Task instructions => Type out the data below in its entirety, exactly as given.

^^^^^^^^^^^^^^^^

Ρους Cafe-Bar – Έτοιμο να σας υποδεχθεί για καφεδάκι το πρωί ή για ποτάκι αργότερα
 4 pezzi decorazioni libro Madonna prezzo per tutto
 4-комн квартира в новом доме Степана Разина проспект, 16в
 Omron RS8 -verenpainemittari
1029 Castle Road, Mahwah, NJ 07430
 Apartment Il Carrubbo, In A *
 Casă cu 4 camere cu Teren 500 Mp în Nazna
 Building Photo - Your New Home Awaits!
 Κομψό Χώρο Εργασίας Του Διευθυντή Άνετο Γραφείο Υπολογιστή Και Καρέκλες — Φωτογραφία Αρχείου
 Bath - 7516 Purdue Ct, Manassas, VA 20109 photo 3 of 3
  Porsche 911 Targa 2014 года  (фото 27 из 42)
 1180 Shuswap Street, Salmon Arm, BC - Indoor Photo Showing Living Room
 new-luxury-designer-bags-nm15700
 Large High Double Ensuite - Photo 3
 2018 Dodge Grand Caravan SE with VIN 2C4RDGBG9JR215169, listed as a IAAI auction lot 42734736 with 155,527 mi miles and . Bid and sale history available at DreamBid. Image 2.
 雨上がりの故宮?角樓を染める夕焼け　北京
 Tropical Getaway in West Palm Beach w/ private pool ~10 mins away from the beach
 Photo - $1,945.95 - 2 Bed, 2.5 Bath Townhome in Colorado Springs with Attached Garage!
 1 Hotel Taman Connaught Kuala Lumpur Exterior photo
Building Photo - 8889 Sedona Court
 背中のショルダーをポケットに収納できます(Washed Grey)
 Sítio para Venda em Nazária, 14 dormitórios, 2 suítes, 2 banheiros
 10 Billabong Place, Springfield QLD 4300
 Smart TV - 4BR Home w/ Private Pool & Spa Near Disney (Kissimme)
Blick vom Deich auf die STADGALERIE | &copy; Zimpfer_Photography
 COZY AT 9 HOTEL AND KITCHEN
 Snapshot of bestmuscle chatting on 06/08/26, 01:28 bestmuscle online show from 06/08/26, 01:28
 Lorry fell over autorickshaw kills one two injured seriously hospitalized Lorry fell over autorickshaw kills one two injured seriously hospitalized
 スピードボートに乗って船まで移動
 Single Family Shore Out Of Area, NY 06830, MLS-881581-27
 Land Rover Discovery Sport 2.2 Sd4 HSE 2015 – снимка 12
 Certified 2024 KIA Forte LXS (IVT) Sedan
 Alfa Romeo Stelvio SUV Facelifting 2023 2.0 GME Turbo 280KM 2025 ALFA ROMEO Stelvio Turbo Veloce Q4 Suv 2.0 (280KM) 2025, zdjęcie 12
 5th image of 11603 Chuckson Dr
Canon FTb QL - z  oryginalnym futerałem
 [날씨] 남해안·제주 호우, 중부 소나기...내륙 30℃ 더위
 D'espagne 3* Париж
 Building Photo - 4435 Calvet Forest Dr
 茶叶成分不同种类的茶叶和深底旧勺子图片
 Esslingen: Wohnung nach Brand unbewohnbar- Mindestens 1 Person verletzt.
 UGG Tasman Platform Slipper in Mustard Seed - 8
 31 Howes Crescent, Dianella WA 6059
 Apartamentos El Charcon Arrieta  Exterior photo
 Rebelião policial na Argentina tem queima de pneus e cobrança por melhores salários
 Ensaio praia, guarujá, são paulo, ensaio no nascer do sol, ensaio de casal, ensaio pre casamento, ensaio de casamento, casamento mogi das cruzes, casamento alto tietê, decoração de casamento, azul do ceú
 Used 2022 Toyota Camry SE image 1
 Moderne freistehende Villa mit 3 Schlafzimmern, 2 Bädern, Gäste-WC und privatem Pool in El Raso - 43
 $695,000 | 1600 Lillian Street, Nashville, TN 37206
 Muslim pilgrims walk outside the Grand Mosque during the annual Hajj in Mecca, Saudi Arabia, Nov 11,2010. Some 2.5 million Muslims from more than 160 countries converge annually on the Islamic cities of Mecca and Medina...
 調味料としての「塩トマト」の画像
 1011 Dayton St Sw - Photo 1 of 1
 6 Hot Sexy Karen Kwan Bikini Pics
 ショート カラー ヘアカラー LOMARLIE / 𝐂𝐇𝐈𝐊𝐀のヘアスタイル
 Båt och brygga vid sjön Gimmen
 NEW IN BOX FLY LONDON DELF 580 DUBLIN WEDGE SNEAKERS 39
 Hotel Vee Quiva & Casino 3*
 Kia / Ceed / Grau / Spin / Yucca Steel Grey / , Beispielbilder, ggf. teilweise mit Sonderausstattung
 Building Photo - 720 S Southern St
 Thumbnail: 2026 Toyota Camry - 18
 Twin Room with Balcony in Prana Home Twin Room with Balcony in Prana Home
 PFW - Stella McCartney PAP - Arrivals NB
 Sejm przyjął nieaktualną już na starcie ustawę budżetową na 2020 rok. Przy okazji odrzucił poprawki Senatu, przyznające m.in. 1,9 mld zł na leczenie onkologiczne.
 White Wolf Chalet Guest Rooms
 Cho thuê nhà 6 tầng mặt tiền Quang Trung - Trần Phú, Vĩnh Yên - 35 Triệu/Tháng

^^^^^^^^^^^^^^^^

Finished exercise =>
Ρους Cafe-Bar – Έτοιμο να σας υποδεχθεί για καφεδάκι το πρωί ή για ποτάκι αργότερα
 4 pezzi decorazioni libro Madonna prezzo per tutto
 4-комн квартира в новом доме Степана Разина проспект, 16в
 Omron RS8 -verenpainemittari
1029 Castle Road, Mahwah, NJ 07430
 Apartment Il Carrubbo, In A *
 Casă cu 4 camere cu Teren 500 Mp în Nazna
 Building Photo - Your New Home Awaits!
 Κομψό Χώρο Εργασίας Του Διευθυντή Άνετο Γραφείο Υπολογιστή Και Καρέκλες — Φωτογραφία Αρχείου
 Bath - 7516 Purdue Ct, Manassas, VA 20109 photo 3 of 3
  Porsche 911 Targa 2014 года  (фото 27 из 42)
 1180 Shuswap Street, Salmon Arm, BC - Indoor Photo Showing Living Room
 new-luxury-designer-bags-nm15700
 Large High Double Ensuite - Photo 3
 2018 Dodge Grand Caravan SE with VIN 2C4RDGBG9JR215169, listed as a IAAI auction lot 42734736 with 155,527 mi miles and . Bid and sale history available at DreamBid. Image 2.
 雨上がりの故宮?角樓を染める夕焼け　北京
 Tropical Getaway in West Palm Beach w/ private pool ~10 mins away from the beach
 Photo - $1,945.95 - 2 Bed, 2.5 Bath Townhome in Colorado Springs with Attached Garage!
 1 Hotel Taman Connaught Kuala Lumpur Exterior photo
Building Photo - 8889 Sedona Court
 背中のショルダーをポケットに収納できます(Washed Grey)
 Sítio para Venda em Nazária, 14 dormitórios, 2 suítes, 2 banheiros
 10 Billabong Place, Springfield QLD 4300
 Smart TV - 4BR Home w/ Private Pool & Spa Near Disney (Kissimme)
Blick vom Deich auf die STADGALERIE | &copy; Zimpfer_Photography
 COZY AT 9 HOTEL AND KITCHEN
 Snapshot of bestmuscle chatting on 06/08/26, 01:28 bestmuscle online show from 06/08/26, 01:28
 Lorry fell over autorickshaw kills one two injured seriously hospitalized Lorry fell over autorickshaw kills one two injured seriously hospitalized
 スピードボートに乗って船まで移動
 Single Family Shore Out Of Area, NY 06830, MLS-881581-27
 Land Rover Discovery Sport 2.2 Sd4 HSE 2015 – снимка 12
 Certified 2024 KIA Forte LXS (IVT) Sedan
 Alfa Romeo Stelvio SUV Facelifting 2023 2.0 GME Turbo 280KM 2025 ALFA ROMEO Stelvio Turbo Veloce Q4 Suv 2.0 (280KM) 2025, zdjęcie 12
 5th image of 11603 Chuckson Dr
Canon FTb QL - z  oryginalnym futerałem
 [날씨] 남해안·제주 호우, 중부 소나기...내륙 30℃ 더위
 D'espagne 3* Париж
 Building Photo - 4435 Calvet Forest Dr
 茶叶成分不同种类的茶叶和深底旧勺子图片
 Esslingen: Wohnung nach Brand unbewohnbar- Mindestens 1 Person verletzt.
 UGG Tasman Platform Slipper in Mustard Seed - 8
 31 Howes Crescent, Dianella WA 6059
 Apartamentos El Charcon Arrieta  Exterior photo
 Rebelião policial na Argentina tem queima de pneus e cobrança por melhores salários
 Ensaio praia, guarujá, são paulo, ensaio no nascer do sol, ensaio de casal, ensaio pre casamento, ensaio de casamento, casamento mogi das cruzes, casamento alto tietê, decoração de casamento, azul do ceú
 Used 2022 Toyota Camry SE image 1
 Moderne freistehende Villa mit 3 Schlafzimmern, 2 Bädern, Gäste-WC und privatem Pool in El Raso - 43
 $695,000 | 1600 Lillian Street, Nashville, TN 37206
 Muslim pilgrims walk outside the Grand Mosque during the annual Hajj in Mecca, Saudi Arabia, Nov 11,2010. Some 2.5 million Muslims from more than 160 countries converge annually on the Islamic cities of Mecca and Medina...
 調味料としての「塩トマト」の画像
 1011 Dayton St Sw - Photo 1 of 1
 6 Hot Sexy Karen Kwan Bikini Pics
 ショート カラー ヘアカラー LOMARLIE / 𝐂𝐇𝐈𝐊𝐀のヘアスタイル
 Båt och brygga vid sjön Gimmen
 NEW IN BOX FLY LONDON DELF 580 DUBLIN WEDGE SNEAKERS 39
 Hotel Vee Quiva & Casino 3*
 Kia / Ceed / Grau / Spin / Yucca Steel Grey / , Beispielbilder, ggf. teilweise mit Sonderausstattung
 Building Photo - 720 S Southern St
 Thumbnail: 2026 Toyota Camry - 18
 Twin Room with Balcony in Prana Home Twin Room with Balcony in Prana Home
 PFW - Stella McCartney PAP - Arrivals NB
 Sejm przyjął nieaktualną już na starcie ustawę budżetową na 2020 rok. Przy okazji odrzucił poprawki Senatu, przyznające m.in. 1,9 mld zł na leczenie onkologiczne.
 White Wolf Chalet Guest Rooms
 Cho thuê nhà 6 tầng mặt tiền Quang Trung - Trần Phú, Vĩnh Yên - 35 Triệu/Tháng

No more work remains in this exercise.